Now, I'm wondering if the assumed conditions alone imply that the initial equation holds, i.e. if:

1. $A$ and $B$ are $\mathbb{P}(\cdot|C\cap D)$-independent;
2. $A\cap C$ and $D$ are $\mathbb{P}$-independent;
3. $B\cap D$ and $C$ are $\mathbb{P} $-independent;
4. $\mathbb{P}(A\cap B | C\cap D)>0$;

is it true that $$\mathbb{P}(A\cap B | C\cap D) =\mathbb{P}(A|C)\mathbb{P}(B|D)?$$

I think that the answer is no, since if this is the case, the last equation implies the $\mathbb{P}$-indipendence of $C$ and $D$ also, and I suspect that this would be too much... I'm a bit lost finding a counter-example.
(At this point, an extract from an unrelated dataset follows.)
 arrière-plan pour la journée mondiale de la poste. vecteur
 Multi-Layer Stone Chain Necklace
Any help?

Answer 1

UPDATE Here is a "100% non-trivial" counter-example where every probability is neither $0$ nor $1$. :)
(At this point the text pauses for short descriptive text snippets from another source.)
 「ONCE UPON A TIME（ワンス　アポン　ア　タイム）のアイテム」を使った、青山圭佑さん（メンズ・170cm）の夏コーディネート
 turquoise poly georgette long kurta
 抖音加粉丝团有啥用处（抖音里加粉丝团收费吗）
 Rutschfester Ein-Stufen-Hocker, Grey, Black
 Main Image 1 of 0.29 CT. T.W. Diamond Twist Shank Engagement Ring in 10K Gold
Sorry this is kinda tedious but it is the "smallest" such example I can think of. (If you allow some prob to be $1$ then smaller counter-examples exist.)

Uniformly draw a number from $\{1, 2, \dots, 24\}$ and define:

• $C = \{1, 2, \dots, 12\}$ and $P(C) = 12/24 = 1/2$

• $D = \{9, 10, \dots, 20\}$ and $P(D) = 12/24 = 1/2$

• $C \cap D = \{9, 10, 11, 12\}$ and $P(C\cap D) = 4/24 = 1/6 \neq P(C)P(D)$, so they are dependent.
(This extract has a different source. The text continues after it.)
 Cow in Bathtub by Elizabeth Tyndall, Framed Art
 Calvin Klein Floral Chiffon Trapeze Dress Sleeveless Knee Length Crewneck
• $A = \{1, 2, 9, 11\} = A \cap C, P(A\cap C) = 4/24 = 1/6$

• $P(A\cap C \cap D) = P(\{9, 11\}) = 2/24 = 1/12 = P(A \cap C) P(D)$, so $(A\cap C) \perp D$

• $B = \{9, 10, 19, 20\} = B \cap D, P(B \cap D) = 4/24 = 1/6$

• $P(B\cap D \cap C) = P(\{9, 10\}) = 2/24 = 1/12 = P(B\cap D) P(C)$, so $(B \cap D) \perp C$

Finally, when conditioned on $C\cap D = \{9, 10, 11, 12\}$, we have (excuse my abuse of notation):

• $P(A|C \cap D) = {\{9, 11\} \over \{9, 10, 11, 12\}} = 1/2$

• $P(B|C \cap D) = {\{9, 10\} \over \{9, 10, 11, 12\}} = 1/2$

• $P(A \cap B | C \cap D) = {\{9\} \over \{9,10,11,12\}} = 1/4$, so $A \perp B$ when conditioned on $(C \cap D)$.

Whew!

This "pictorial view" might be easier (pick one of $24$ squares uniformly randomly):

+----+----+----+----+----+----+
|  C |A C |A CD|   D|   D|    |
+----+----+----+----+----+----+
|  C |A C |ABCD| B D|   D|    |
+----+----+----+----+----+----+
|  C |  C | BCD| B D|   D|    |
+----+----+----+----+----+----+
|  C |  C |  CD|   D|   D|    |
+----+----+----+----+----+----+

BTW your big equation becomes:

$$\frac14 = \frac13 \times \frac13 \times ({\frac12 \times \frac12 \over \frac16})^2$$

P.S. if you allow some prob to be $1$, specifically $P(A|C\cap D) = P(B | C\cap D) = P(A\cap B | C \cap D) = 1$, then a smaller example is the 2nd row above, i.e.

+----+----+----+----+----+----+
|  C |A C |ABCD| B D|   D|    |
+----+----+----+----+----+----+

---

As the question is written, the answer is No, but the counter-example I have below is "trivial" and may not be what you have in mind:

• $A=B=\emptyset$, i.e. the empty set (the impossible event)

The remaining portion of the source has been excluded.